In a New Scientist op-ed, Henry Farrell and Cosma Shalizi take aim at the trendy idea of "nudging" people towards healthy, socially beneficial choices. The authors find the evidence for the effectiveness of nudging isn't supported by the literature, and policy-by-nudging misses the key to good governance: an informed citizenry who are part of the solution, not the problem to be solved.
This points to the key problem with "nudge" style paternalism: presuming that technocrats understand what ordinary people want better than the people themselves. There is no reason to think technocrats know better, especially since Thaler and Sunstein offer no means for ordinary people to comment on, let alone correct, the technocrats' prescriptions. This leaves the technocrats with no systematic way of detecting their own errors, correcting them, or learning from them. And technocracy is bound to blunder, especially when it is not democratically accountable.

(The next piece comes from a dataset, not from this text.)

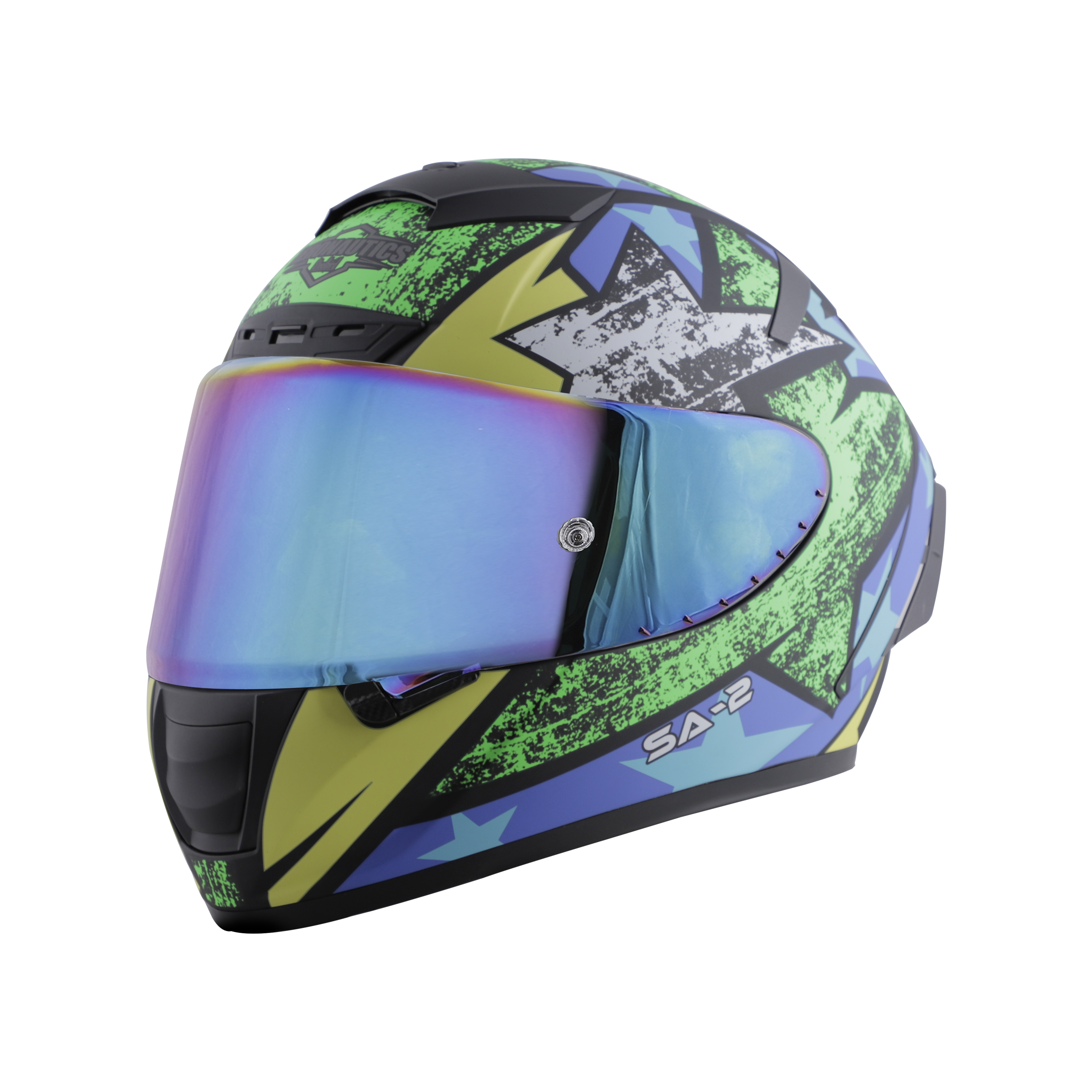 SA-2 STAR GLOSSY BLACK WITH GREEN FITTED WITH CLEAR VISOR EXTRA CHROME RAINBOW VISOR FREE (WITH ANTI-FOG SHIELD HOLDER)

As political scientist Suzanne Mettler, from Cornell University in Ithaca, New York, argues, libertarian paternalism treats people as consumers rather than citizens. It either fails to tell people why choices are set up in particular ways, or actively seeks to conceal the rationale. When, for example, Obama's administration temporarily cut taxes to stimulate the economy, it did so semi-surreptitiously to encourage people to spend rather than save.
Mettler uses experiments to show how ordinary people can understand complicated policy questions and reach considered conclusions, as long as they get enough information. This suggests a far stronger role for democratic decision-making than libertarian paternalism allows. People should be given information, and allowed to reach conclusions about their own interests, and how to structure choices to protect those interests. By all means consult experts, but the dialogue should go both ways.